How do I install it?

Configure replication from the source cluster to the replica. Use a channel, you will need to use that channel later. If replication is not running, you should not continue. As a general recommendation, although it is not strictly required, run all your slaves with auto start of replication disabled (skip-slave-start). This is important to avoid a node starting replication after a crash.
Create the tables and procedure. Make sure that you install both on the same database. For example you can run:

$ mysql -e "create database percona"
$ mysql percona < create_tables.sql
$ mysql percona < replication_managerng.sql

Although it is an untested feature, you could install everything on different databases to run more complex replication topologies. Be careful, the more complex a replication topology is, the more issues you never thought of will appear. Keep your topology as simple as possible.

Configure the metadata table. Here you have a sample configuration.

meta_key	meta_value
replication_channel	test_channel
replication_password	Replication_password1
replication_ssl	1
replication_user	replication_user

replication_channel is the name of replication channel you configured in step 1.

replication_password is the password used for replication.

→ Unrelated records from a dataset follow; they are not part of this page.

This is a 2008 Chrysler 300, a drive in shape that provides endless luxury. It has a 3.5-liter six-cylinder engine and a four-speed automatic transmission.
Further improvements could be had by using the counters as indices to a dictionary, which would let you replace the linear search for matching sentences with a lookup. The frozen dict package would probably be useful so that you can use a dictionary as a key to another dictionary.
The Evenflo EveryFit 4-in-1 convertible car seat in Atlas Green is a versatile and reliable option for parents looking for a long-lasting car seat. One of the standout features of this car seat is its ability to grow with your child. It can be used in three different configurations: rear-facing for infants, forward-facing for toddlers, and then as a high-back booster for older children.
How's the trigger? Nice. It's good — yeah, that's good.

replication_ssl if ssl should be enabled.

replication_user the username used for replication.

The sql code to insert data into the metadata table is like this:

insert into replication_metadata values ('replication_channel','my_replication_channel');

Use similar code to insert data on the other tables. But you should have some sql knowledge if you want to use this tool.

Configure the topology tables. These two tables, source_cluster and replica_cluster contain the nodes and priorities assigned. Source cluster:

cluster	node_priority	node_name	node_address
clusterT1	1	mysql1-T1	10.11.30.208
clusterT1	2	mysql2-T1	10.11.72.237
clusterT1	3	mysql3-T1	10.11.13.109

cluster corresponds to the cluster name in pxc, but it is not used currently.

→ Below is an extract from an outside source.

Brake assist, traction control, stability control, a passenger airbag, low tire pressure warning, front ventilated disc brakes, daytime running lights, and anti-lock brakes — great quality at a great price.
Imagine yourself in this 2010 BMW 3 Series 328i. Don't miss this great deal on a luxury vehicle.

node_priority defines for the source cluster what is the order hosts will be tested. If a server has to be configured from scratch, it will configure replication to the lowest priority host. If replication is already configured and it is broken, it will try with the following node.

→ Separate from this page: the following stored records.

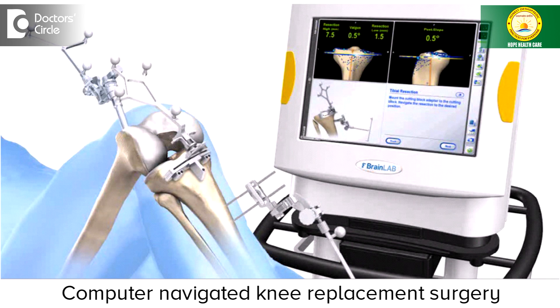Talking about the recent advances, we have first a computer-navigated knee replacement surgery, wherein fully computerized surgery is used. We know exactly what amount of bone is to be taken and what angle the cut is to be made, so that there is perfect positioning of the knee replacement.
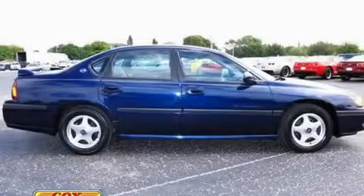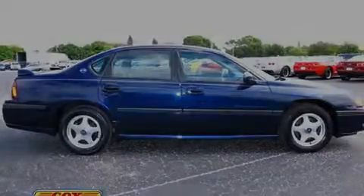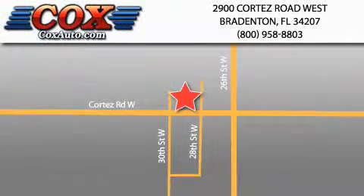Please call us today for more information on this great vehicle. Be sure to take advantage of our first-year complimentary basic maintenance on every pre-owned vehicle purchased from Cox Automotive.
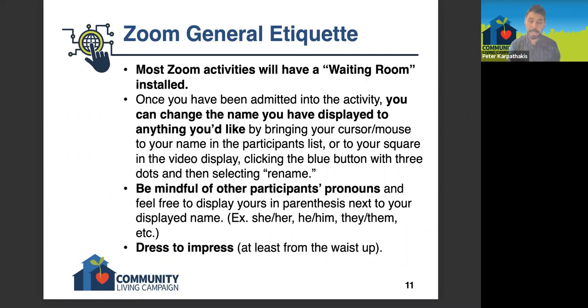Another tip: be mindful of other participants' pronouns. It's becoming very commonplace on Zoom to put your pronouns in parentheses next to your name — you'll see things like she/her, he/him, they/them, or some combination. So just be cognizant of that. If you see pronouns listed next to somebody's name as they're talking, be respectful of it.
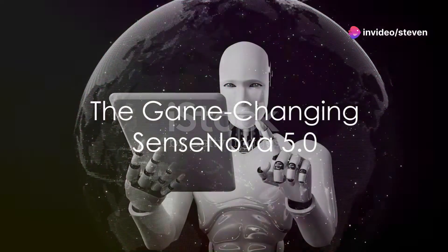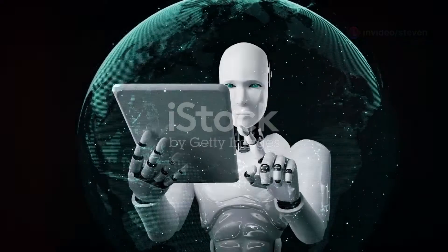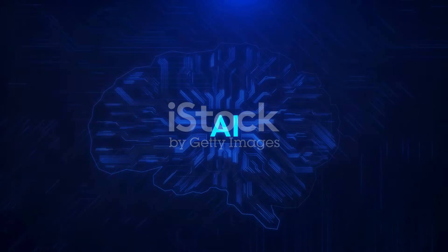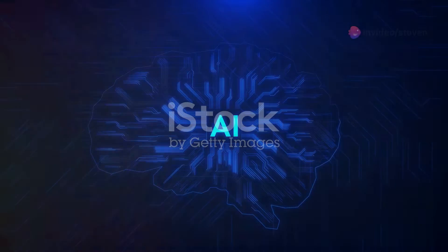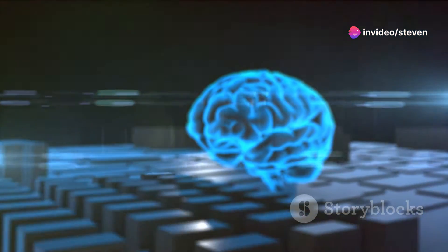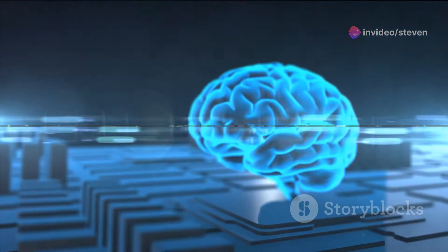The SenseNova 5.0 model is a game-changer in the realm of AI. It stands tall amidst its competitors and challenges the dominance of models like the GPT-4 Turbo. This is not just a claim — it's a fact backed by impressive features and groundbreaking technology.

node_name and node_address are the node_name and node_address.

Replica cluster:

cluster	node_priority	node_name	node_address
clusterT2	1	mysql1-T2	10.11.153.62
clusterT2	2	mysql2-T2	10.11.110.195
clusterT2	3	mysql3-T2	10.11.13.216

cluster corresponds to the cluster name in pxc, but it is used to find the nodes in my cluster with less priority.

node_priority the available node that has the lesser priority will run replication.

node_name and node_address are the node_name and node_address.

Call the procedure on each node.

You just need to use your favorite too to execute this procedure on each node periodically. If you write a cronjob to execute the procedure on each node every minute, that's fine.

I don't recommend using database events because enabling events on replicas can generate errant GTIDs.

Hey, the sql thread crashed and replication was not fixed... what's wrong?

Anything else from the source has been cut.